(PERKEMBANGAN SOSIAL)
Kami menyadari bahwa dalam penulisan makalah ini tidak terlepas dari bantuan
banyak pihak yang dengan tulus memberi doa, saran dan kritik sehingga makalah
ini dapat terselesaikan.
Kami menyadari sepenuhnya bahwa makalah ini masih jauh dari sempurna
dikarenakan terbatasnya pengalaman dan pengetahuan yang kami miliki. Oleh
karena itu, kami mengharapkan segala bentuk saran serta masukan bahkan kritik
yang membangun dari berbagai pihak. Akhirnya kami berharap semoga makalah
ini dapat memberikan manfaat terutama bagi penulis, pembaca dan bagi
perkembangan dunia pendidikan.
PENDAHULUAN
Dengan adanya ketidak berdayaan dan belum mengenal apa-apa maka anak
dapat diserahkan atau dijadikan baik atau buruk khususnya oleh orang tua ataupun
orang-orang disekitarnya. Dimana awal kehidupannya ia tidak berada, tidak
mengenal sesuatu apapun sehingga dapat diarahkan kepada perbuatan dan
perkembangan yang positif atau negative.
1) Belajar berprilaku yang dapat diterima secara sosial agar dapat diterima dalam kelompok
maka peserta didik usia SD/MI sebagai anggota harus menyesuaikan perilakunya dengan standar
kelompok tersebut.
2) Memainkan peranan sosial yang dapat diterima dalam kelompok selain perilaku dengan
standar kelompok, peserta didik juga dituntut untuk memainkan peran sosial dalam bentuk pola-
pola kebiasaan yang telah disetujui dan ditentukan oleh para anggota kelompok.

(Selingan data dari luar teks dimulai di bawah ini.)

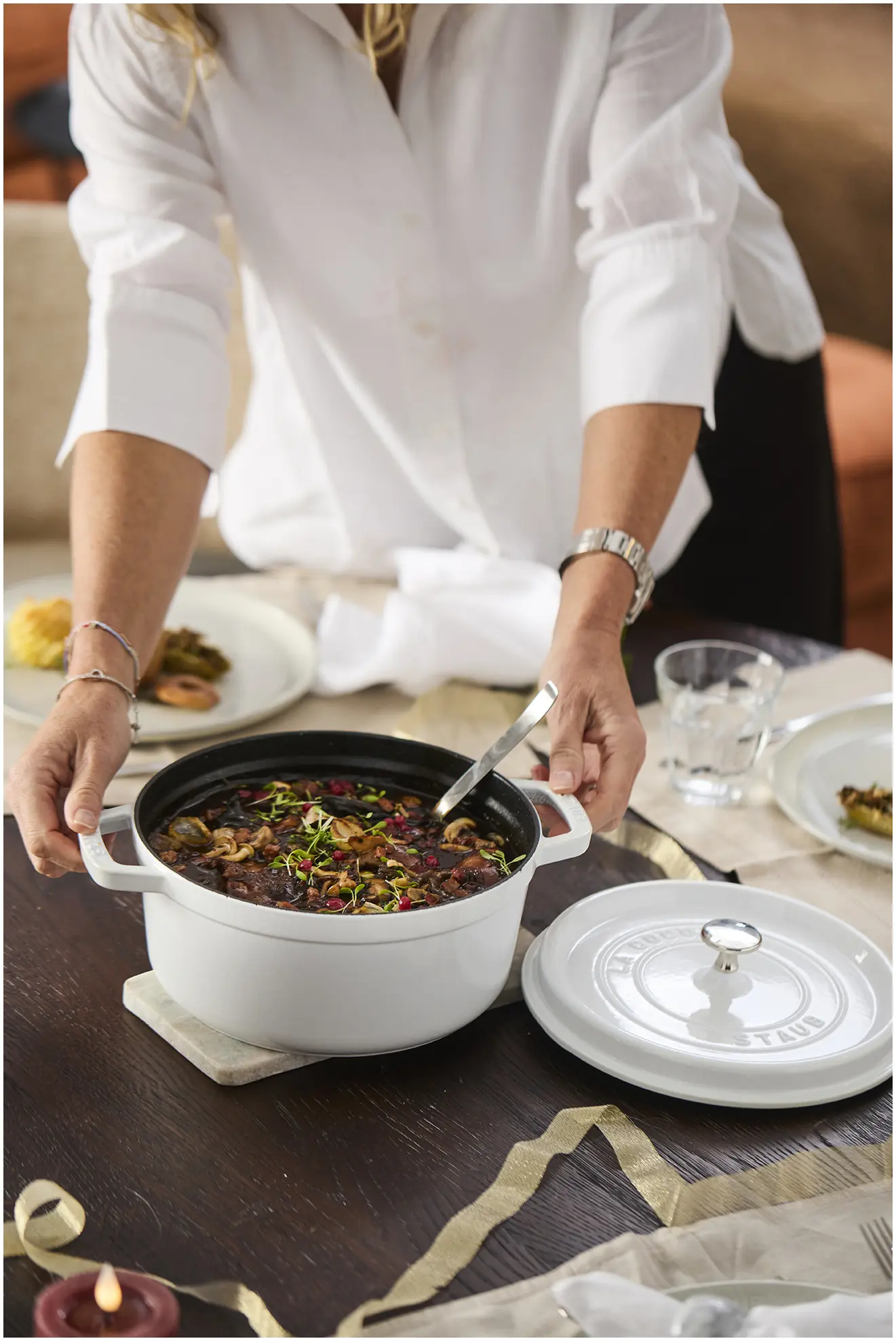 staub cocotte wit Staub Braadpan Wit-26cm - Afbeelding 3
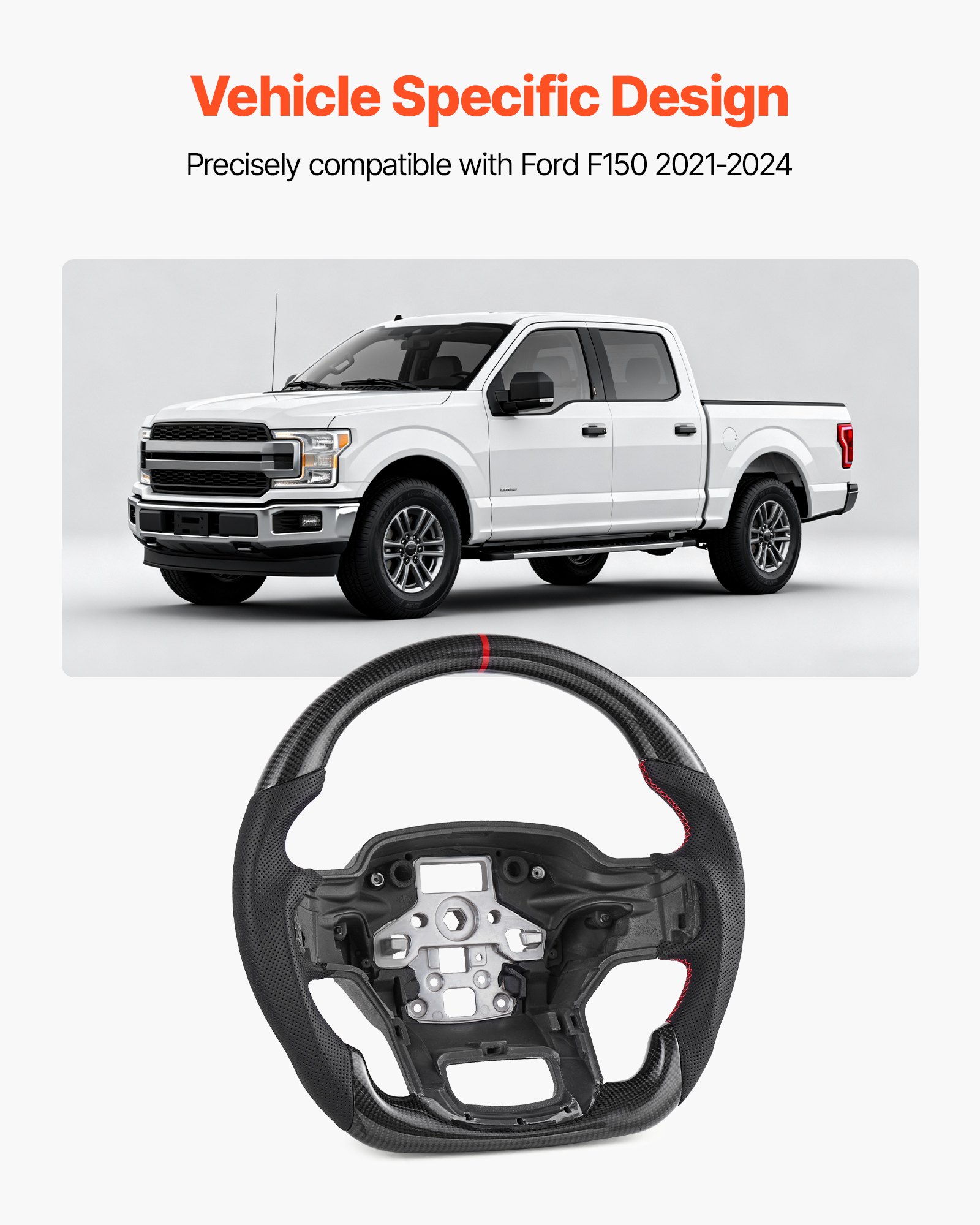 VEVOR Steering Wheel for 2021-2024 Ford F150, Carbon Fiber Steering Wheel D-Shaped Flat-Bottom, Leather Grip with Non-Slip Texture & Precise Stitching, Accessories Replacement for Ford F150, Black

3) Perkembangan sikap sosial untuk dapat bergaul dengan masyarakat, peserta didik juga harus
menyukai orang atau terlibat dalam aktivitas sosial tertentu. Pada awal manusia dilahirkan belum
bersifat sosial, dalam artian belum memiliki kemampuan dalam berinteraksi dengan orang lain.
Kemampuan sosial anak diperoleh dari berbagai kesempatan dan pengalaman bergaul dengan
orang-orang dilingkungannya.
Kebutuhan berinteraksi dengan orang lain telah dirasakan sejak usia enam bulan, disaat
itu mereka telah mampu mengenal manusia lain, terutama ibu dan anggota keluarganya. Anak
mulai mampu membedakan arti senyum dan perilaku sosial lain, seperti marah (tidak senang
mendengar suara keras) dan kasih sayang.
2. ORIENTASI/PEMAHAMAN SOSIAL
Sebagai makhluk sosioemosional, bayi menunjukkan minat yang kuat pada dunia sosial dan
termotivasi untuk mengorientasikannya dan menggambarkan banyak dasar biologis dan kognitif
yang berkontribusi pada perkembangan orientasi dan pemahaman social.
a. Orientasi Sosial
sejak awal perkembangannya, bayi sudah tepikat oleh dunia social,bayi muda menatap waja
dengan seksama dan terbiasa dengan suara manusia, terutama pengasuh mereka. Permainan
tatap muka mulai menjadi ciri interaksi pengasuh-bayi ketika bayi berusia sekitar 2 sampai 3
bulan, Interaksi sosial terfokus bermain tatap muka mungkin termasuk vokalisasi, sentuhan, dan
gerak tubuh. Permainan seperti itu merupakan bagian dari motivasi banyak ibu untuk
menciptakan keadaan emosi yang positif pada bayinya.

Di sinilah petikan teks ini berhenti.